What is needed for CBC/Radio-Canada, however, is not what St-Onge proposed Thursday. What she described was, essentially, a beefed-up version of the public-private hybrid broadcaster we have now, with a greater division between French and English operations, and more power given to a board of directors that has shown itself to be unwilling or uninterested in making the CBC stick to doing things in the public interest.
What the public broadcaster actually needs to regain trust and purpose is to be clearly transformed into “a public media institution with a singular focus on serving a public rather than a commercial purpose.”
Those aren’t my words, but ones from “Canada’s communications future: Time to act,” a January, 2020, report prepared by the Broadcasting and Telecommunications Legislative Review Panel that was chaired by lawyer Janet Yale.
That independent panel was convened in 2018 by Mélanie Joly, when she was Trudeau’s first Minister of Canadian Heritage, and Navdeep Bains, then Minister of Innovation.
I don’t know if the Liberals simply forgot that they commissioned this report when the pandemic hit or didn’t like its conclusions, but the recommendations of Yale and her distinguished co-panellists are much stronger than the wishy-washy ones St-Onge, who is not running for re-election, has put forth while waving goodbye to public service and returning to her private life as a new mother and alt-rock bassist.
The panel’s chief suggestion regarding CBC/Radio-Canada was to gradually eliminate advertising on all of its platforms over five years, starting with news content – not only on news content, as St-Onge proposed.
This is the single most important step that needs to be taken to make the CBC truly public again, and would bring it in line with international peers we should be emulating, such as BBC in Britain and ABC in Australia.
The only way English-language content, in particular, has a chance to stand out in a sea of American noise is if it has no ads (and, of course, no added subscription fees, which, St-Onge is right, must be eliminated).
The other reason to get rid of ads entirely is because even though taxpayers covered the vast majority of CBC/Radio-Canada’s roughly $1.9-billion in expenses in the 2023-2024 fiscal, advertisers, who contributed just $270-million, too often call the tune.
Since the time Liberal appointee Catherine Tait was president and chief executive officer of CBC/Radio-Canada, the Crown corporation has unfortunately demonstrated repeatedly that it will chase a handful of ad dollars (and other revenue) at the expense of its public purpose, the widest possible viewership or even its reputation.
The most obvious example was the creation of a branded content division in 2020 that many CBC journalists spoke out against but that the corporation’s Liberal-appointed board of directors and the CRTC ultimately okayed.
It should be a national scandal, however, that CBC’s streaming service Gem has infomercials on it – “paid content” is how they’re labelled – from Novo Nordisk, the makers of Ozempic.
The chasing of ad money is also apparent in how the English side of CBC has four police procedurals on right now – one of the few areas of scripted drama that the Canadian private sector already has well covered – while its children’s programming has fallen off the map (from the days of my youth, certainly, when I graduated from Mr.

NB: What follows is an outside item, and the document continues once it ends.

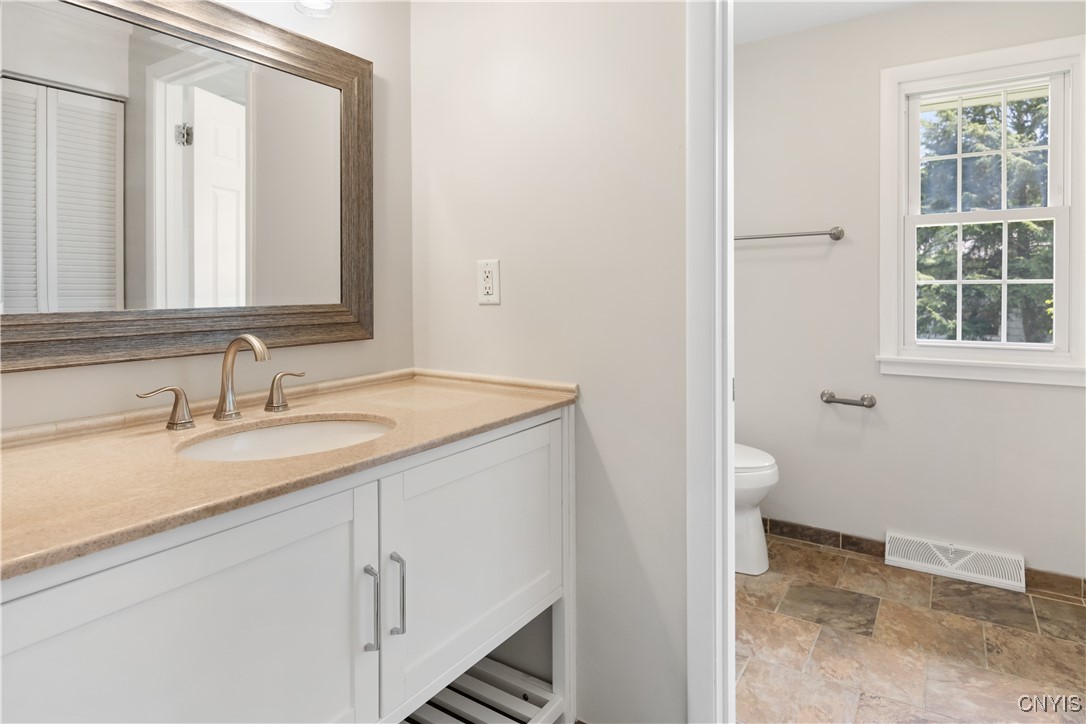 14 Ibis Path Liverpool, NY 13090 - Photo 22 of 31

Dressup to Road to Avonlea to Degrassi Junior High).
It’s also why there are horoscopes on CBC.ca. Publicly funded horoscopes.
Yes, CBC/Radio-Canada should be seriously boosted in subsidy as St-Onge proposes, to somewhere in the vicinity of the G7 average of $62 a person per year per capita. But it can’t still have ads and be the public servant of two masters.
Liberals had the right answers in their hands five years ago. They have only themselves to blame for not taking action back when, well, it was time to act.